História de uma Papoila I



Até àquele dia, Papoila nunca fora "fiel" ao seu nome, como uma flor de pétalas frágeis e fugidias, a baloiçar ao ritmo do vento e a espalhar as suas sementes pelos campos perdidos e vales escorregadios.
As suas lentes eram dois olhos negros, firmes e atentos com os quais via o Mundo à sua peculiar interpretação.
Olhava-se ao espelho e era incapaz de reconhecer em si mesma um rasgo de paixão cujas papoilas habitualmente emanham com o seu encarnado garrido e exuberante. Em contrário, esta rapariga tinha uma discrição e organização quase irrepreensíveis.
Estas características da Papoila eram consequência da vida que sempre tivera, protegida de ventos inesperados, fortes e perigosos.

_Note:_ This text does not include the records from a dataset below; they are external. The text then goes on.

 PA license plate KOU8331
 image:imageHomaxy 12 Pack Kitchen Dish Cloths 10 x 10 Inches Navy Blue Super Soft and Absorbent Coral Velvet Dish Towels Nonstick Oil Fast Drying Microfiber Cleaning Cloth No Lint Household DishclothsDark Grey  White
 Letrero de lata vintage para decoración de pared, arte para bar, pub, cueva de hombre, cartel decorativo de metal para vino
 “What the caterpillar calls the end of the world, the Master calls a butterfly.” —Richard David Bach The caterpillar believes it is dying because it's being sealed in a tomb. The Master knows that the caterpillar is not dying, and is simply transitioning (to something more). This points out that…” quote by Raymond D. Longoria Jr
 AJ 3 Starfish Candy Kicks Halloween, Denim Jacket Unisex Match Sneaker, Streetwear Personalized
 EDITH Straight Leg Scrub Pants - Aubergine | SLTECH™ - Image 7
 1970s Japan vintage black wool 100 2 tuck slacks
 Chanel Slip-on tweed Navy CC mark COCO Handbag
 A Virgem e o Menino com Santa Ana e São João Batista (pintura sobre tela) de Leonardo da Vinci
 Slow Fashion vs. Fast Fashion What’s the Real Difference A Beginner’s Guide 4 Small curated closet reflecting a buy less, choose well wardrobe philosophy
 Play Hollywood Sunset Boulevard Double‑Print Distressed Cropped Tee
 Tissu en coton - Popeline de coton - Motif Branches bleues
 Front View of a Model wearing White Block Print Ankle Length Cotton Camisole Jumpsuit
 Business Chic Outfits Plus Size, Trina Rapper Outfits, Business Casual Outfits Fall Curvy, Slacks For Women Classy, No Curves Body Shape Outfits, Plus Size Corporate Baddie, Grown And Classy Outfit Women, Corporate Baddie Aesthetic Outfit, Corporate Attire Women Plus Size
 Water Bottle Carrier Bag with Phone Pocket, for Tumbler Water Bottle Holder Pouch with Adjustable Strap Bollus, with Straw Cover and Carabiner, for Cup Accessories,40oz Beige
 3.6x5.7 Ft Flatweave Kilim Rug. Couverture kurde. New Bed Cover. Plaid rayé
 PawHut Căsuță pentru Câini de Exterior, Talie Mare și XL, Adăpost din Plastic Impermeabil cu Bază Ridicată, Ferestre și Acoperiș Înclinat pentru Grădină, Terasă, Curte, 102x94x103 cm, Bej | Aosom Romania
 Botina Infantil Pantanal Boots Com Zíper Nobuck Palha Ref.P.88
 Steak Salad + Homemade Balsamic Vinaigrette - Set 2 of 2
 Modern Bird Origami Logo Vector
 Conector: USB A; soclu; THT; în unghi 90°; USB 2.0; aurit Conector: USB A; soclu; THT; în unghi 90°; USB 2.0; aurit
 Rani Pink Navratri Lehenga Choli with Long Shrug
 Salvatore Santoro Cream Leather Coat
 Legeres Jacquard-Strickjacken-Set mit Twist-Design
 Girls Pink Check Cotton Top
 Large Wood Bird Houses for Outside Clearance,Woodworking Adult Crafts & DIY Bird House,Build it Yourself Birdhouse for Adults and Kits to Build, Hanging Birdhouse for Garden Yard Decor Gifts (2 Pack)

Tudo o que tinha era uma vida plana e reta. Para ela, a caminhada seria sempre desta forma: uma estrada sem relevos (altos e baixos), sempre comprida e como tal bastava dar alguns passos em frente e percorrê-la.
Vivia sem grandes paixões.
Sentiu claro, as naturais e típicas atracções adolescentes, mas foram sempre encaradas com uma grande tranquilidade, um olhar realista e não romanceado, quase estranho para a sua idade, mas que lhe permitia ter uma grande distância de tudo o que podia fazê-la sofrer, pela falta de apego a estes fraquinhos passageiros e aborrecidos.
Agradavam-lhes os traços que a faziam sentir-se uma papoila a crescer na estufa com o Sol, a terra, a água ideais; sem excessos trazidos pela chuva ou por um clima menos agradável.
Papoila criara uma capa que a protegia, mas que também a afastava das pessoas e da loucura de sonhar.
À medida que se deixava acariciar mais por ela própria, aninhar-se na sua confortável maneira de ser tão certa e segura, fugia do Mundo para o seu, o que a distanciava agora dos outros, mas também de si.